332 Advanced Computer Architecture

Exercise 5 (ASSESSED): instruction-level-parallelism in Jacobi2d

This is the first of two equally-weighted assessed coursework exercises. Working individually, work through the exercise and write up a short report presenting and explaining your results. Submit the pdf electronically via CATE (https://sparrow.doc.ic.ac.uk/~cate/). The CATE system will also indicate the deadline for the exercise.

Background

Carl Gustav Jacobi (1804-1851, see http://www-groups.dcs.st-and.ac.uk/~history/Mathematicians/Jacobi.html) gives his name to a particularly simple algorithm which is widely used in solving partial differential equations.

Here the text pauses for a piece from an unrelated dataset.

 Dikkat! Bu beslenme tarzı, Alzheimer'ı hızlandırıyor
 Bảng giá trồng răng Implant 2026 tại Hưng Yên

For an example, see http://www.psc.edu/training/Drexel/Code_Development/Code_Development.html.

The idea is very simple indeed; here is a C implementation:

    typedef double gridtype[MAXiDIM][MAXjDIM];
    gridtype grid1;
    gridtype grid2;
    int it,i,j;
    double onequarter = 1.0/4.0;

    InitGrid(grid1, iDim, jDim);
    InitGrid(grid2, iDim, jDim);

    for (it=0; it<Niters; it+=1) {
      for (i=1; i<iDim-1; ++i)
        for (j=1; j<jDim-1; ++j)
          grid2[i][j] = onequarter *
            (grid1[i-1][j] + grid1[i+1][j] + grid1[i][j-1] + grid1[i][j+1]);
      it++;
      if (it >= Niters) break;

      for (i=1; i<iDim-1; ++i)
        for (j=1; j<jDim-1; ++j)
          grid1[i][j] = onequarter *
            (grid2[i-1][j] + grid2[i+1][j] + grid2[i][j-1] + grid2[i][j+1]);
    }
#ifdef PRINT_GRID
    /* the grid to print depends on whether Niters was odd or even */
    PrintGrid(Niters%2==1 ? grid2 : grid1, iDim, jDim);
#endif

As you can see, the loop simply smooths the initial grid by replacing each element grid[i][j] with the average of its four neighbours, north, east, west and south. This is often called a ``four-point stencil''. Note that:

Each iteration produces a new grid from an old grid $_{i-1}$ .
Instead of storing all the old grids, we generate grid2 from grid1, then reuse grid1 to store the next iterate, alternating.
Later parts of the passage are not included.